Dr. J. Metz talked with us about NVMe at Storage Field Day 16 in Boston. NVMe is rapidly becoming one of the new hypes in the storage infrastructure market. A few years ago, everything was cloud. Vendors now go out of their way to mention their array contains NVMe storage, or is at the very least ready for it. So should you care? And if so, why?
SNIA’s mission is to lead the storage industry worldwide in developing and promoting vendor-neutral architectures, standards and educational services that facilitate the efficient management, movement, and security of information. They do that in a number of ways: standards development and adoption for one, but also through interoperability testing (a.k.a. plugfest). They aim to help in technology acceleration and promotion: solving current problems with new technologies. So NVMe-oF fits this mission well: it’s a relatively new technology, and it can solve some of the queuing problems we’re seeing in storage nowadays. Let’s dive in!

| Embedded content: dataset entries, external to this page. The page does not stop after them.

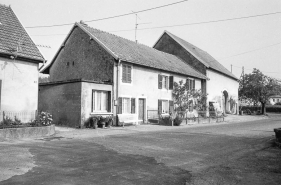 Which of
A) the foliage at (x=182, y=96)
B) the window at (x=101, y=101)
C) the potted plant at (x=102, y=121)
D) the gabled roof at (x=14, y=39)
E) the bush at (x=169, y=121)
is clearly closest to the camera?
the gabled roof at (x=14, y=39)

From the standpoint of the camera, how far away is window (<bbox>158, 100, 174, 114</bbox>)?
952 inches

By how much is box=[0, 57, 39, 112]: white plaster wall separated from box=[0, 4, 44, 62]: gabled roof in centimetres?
51

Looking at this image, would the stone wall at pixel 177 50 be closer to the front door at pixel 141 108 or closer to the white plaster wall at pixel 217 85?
the white plaster wall at pixel 217 85

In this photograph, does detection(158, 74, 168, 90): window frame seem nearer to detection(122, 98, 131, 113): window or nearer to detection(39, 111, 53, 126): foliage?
detection(122, 98, 131, 113): window

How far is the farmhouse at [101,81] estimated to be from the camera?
1777 cm

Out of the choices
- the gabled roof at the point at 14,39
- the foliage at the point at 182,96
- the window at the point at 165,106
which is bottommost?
the window at the point at 165,106

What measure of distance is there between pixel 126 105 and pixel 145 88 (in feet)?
8.87

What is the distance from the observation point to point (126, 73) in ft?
67.9

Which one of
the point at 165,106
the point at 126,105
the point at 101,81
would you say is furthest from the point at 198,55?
the point at 101,81

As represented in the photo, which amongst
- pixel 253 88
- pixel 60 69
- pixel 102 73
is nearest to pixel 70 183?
pixel 102 73

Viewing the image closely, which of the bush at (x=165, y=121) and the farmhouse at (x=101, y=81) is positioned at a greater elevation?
the farmhouse at (x=101, y=81)

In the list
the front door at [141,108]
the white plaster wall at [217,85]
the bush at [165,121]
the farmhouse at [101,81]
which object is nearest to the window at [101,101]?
the farmhouse at [101,81]

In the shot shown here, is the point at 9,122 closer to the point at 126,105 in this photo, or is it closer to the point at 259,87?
the point at 126,105

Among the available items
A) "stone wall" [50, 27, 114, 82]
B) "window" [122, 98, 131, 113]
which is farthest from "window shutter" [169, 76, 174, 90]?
"stone wall" [50, 27, 114, 82] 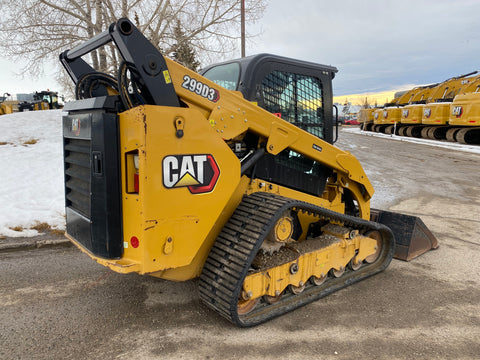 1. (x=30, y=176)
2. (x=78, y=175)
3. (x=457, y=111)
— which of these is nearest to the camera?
(x=78, y=175)

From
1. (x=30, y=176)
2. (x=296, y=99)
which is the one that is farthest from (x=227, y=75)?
(x=30, y=176)

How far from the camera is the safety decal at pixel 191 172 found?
8.41 ft

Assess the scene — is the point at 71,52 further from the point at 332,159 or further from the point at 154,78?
the point at 332,159

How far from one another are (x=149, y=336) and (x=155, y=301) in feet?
1.91

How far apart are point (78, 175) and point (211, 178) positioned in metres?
1.17

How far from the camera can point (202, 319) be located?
316 centimetres

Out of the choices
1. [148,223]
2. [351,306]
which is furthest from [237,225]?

NVMe vs NVM Express vs NVMe-oF
First of all: lets get some terminology straight.
- NVMe is the technology
- NVM Express, Inc is the organization behind the NVMe specification.
- NVMe-oF or NVMe over Fabrics is the extension to the base NVMe specification that enables NVMe to be accessible beyond PCIe limitations (read: distance). And very importantly: it’s transport agnostic, meaning it is not pinned to a single transport mechanism.
So why is NVMe hot? Solid state media is becoming faster. Latencies are decreasing and the new media behaves very differently compared to traditional spinning disk or tape devices. In effect, storage is becoming a lot more like memory. That means we need a newer, better way of accessing it. The alternatives, for example SCSI, just add too much latency and cannot handle the increase in parallelism.
NVMe achieves this by accessing the solid state media over the PCI Express (PCIe) bus, using the PCI command set. This negates the need for a translation step in a SCSI or SATA adapter.
NVMe uses queues: one admin queue and more than one I/O queues. These I/O queues are pinned to CPU cores, and this is where the scalability and parallelism comes into play. Each host/controller pair also has an independent set of NVMe queues, and they operate autonomously.
Each queue has a submission and a completion queue. A command is queued into the submission queue at the host. It then notifies the controller that there’s a command waiting by writing to the doorbell register. Or, in Dr. J. Metz’s words: “Ding, order up!”. The NVMe controller then reads the command out of the submission queue and writes it back into its own memory buffer. If any data needs to be transferred, that happens at this stage. If it doesn’t (for example, when flushing registers), that’s it. The NVMe controller then queues the Completion Queue Entry, sends it back to the host and the relevant pointers are updated. That’s one I/O done.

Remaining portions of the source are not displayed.